──────── SOURCE DATA ────────
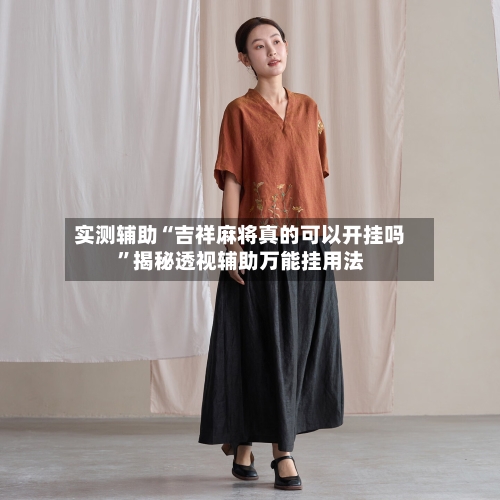 实测辅助“吉祥麻将真的可以开挂吗”揭秘透视辅助万能挂用法-第2张图片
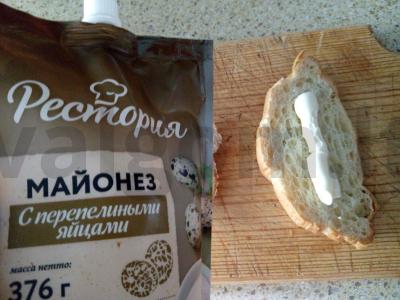 Kruasanas su bekonu ir korėjietiška morkyte Žingsnis 3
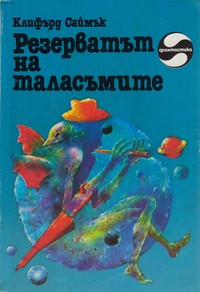 Резерватът на таласъмите — Клифърд Саймък (корица)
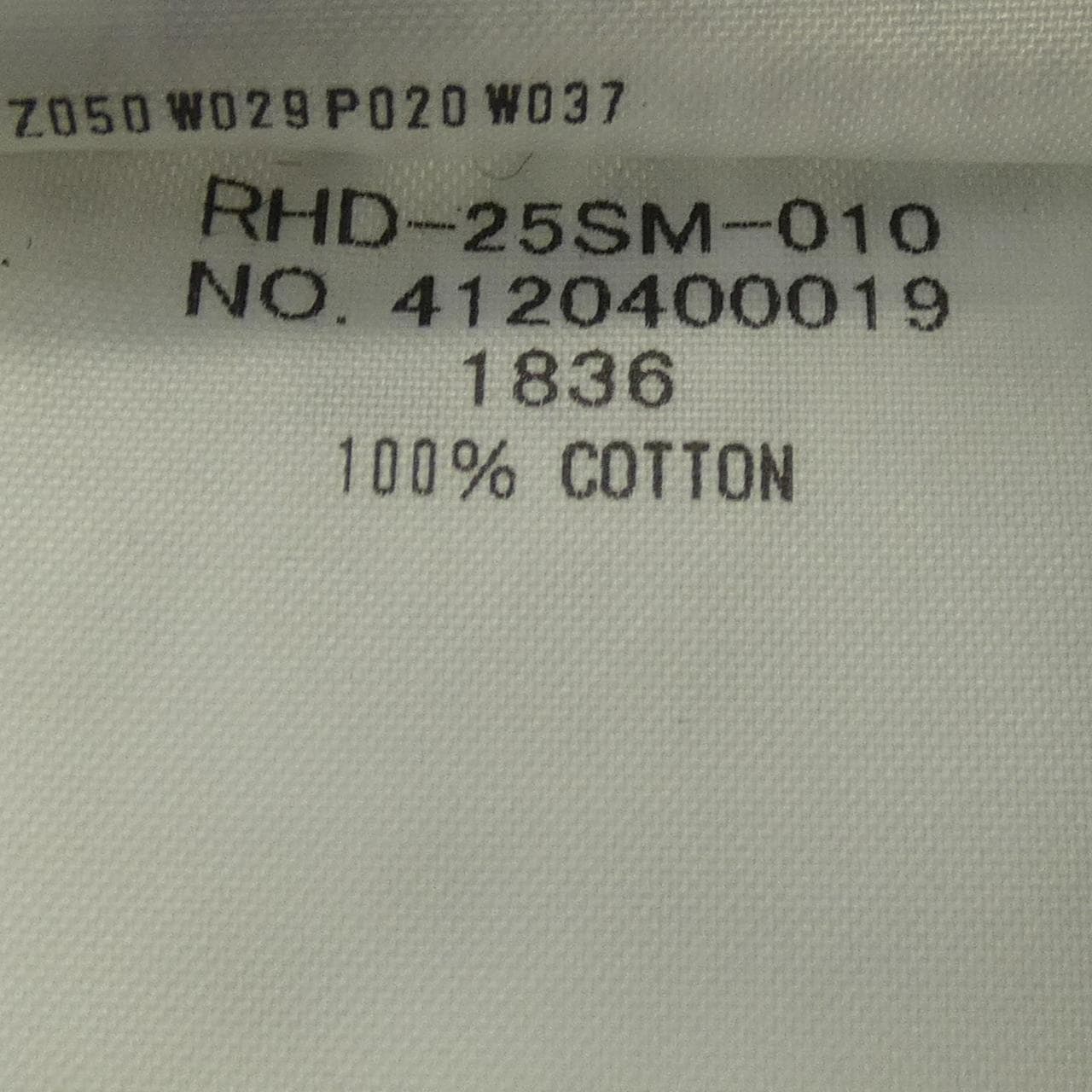 ロンハーマン デニム RON HERMAN DENIM 4120400019 デニムジャケット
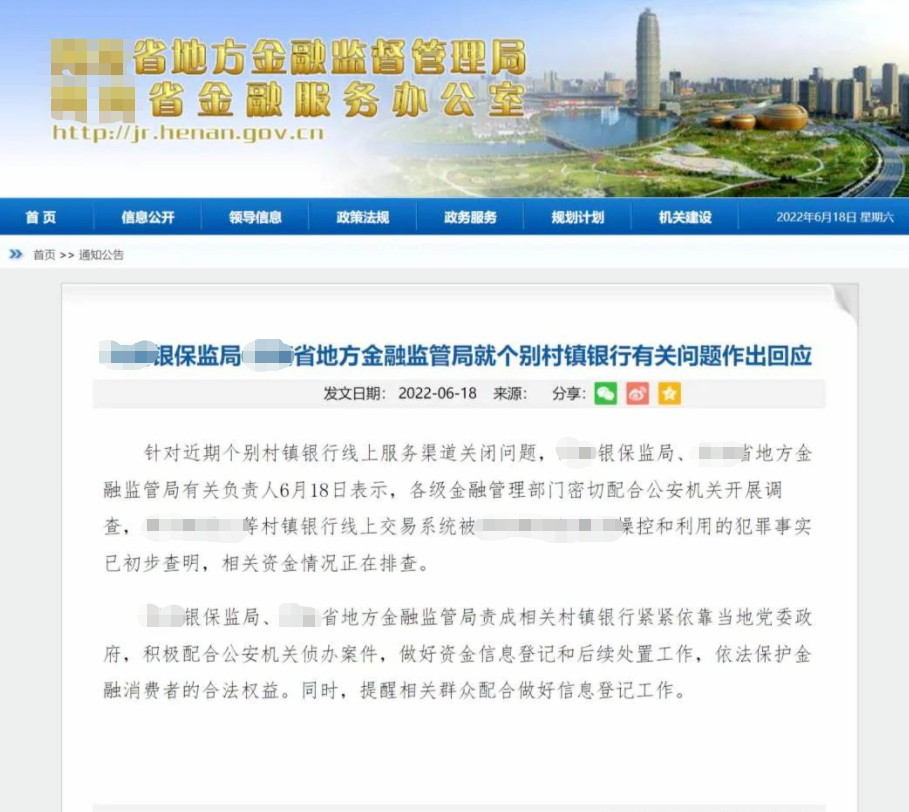 利差益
────────
» **ACTIVITY**:
Please output each line above exactly and omit all images.

» **EXPECTED OUTPUT**:
 实测辅助“吉祥麻将真的可以开挂吗”揭秘透视辅助万能挂用法-第2张图片
 Kruasanas su bekonu ir korėjietiška morkyte Žingsnis 3
 Резерватът на таласъмите — Клифърд Саймък (корица)
 ロンハーマン デニム RON HERMAN DENIM 4120400019 デニムジャケット
 利差益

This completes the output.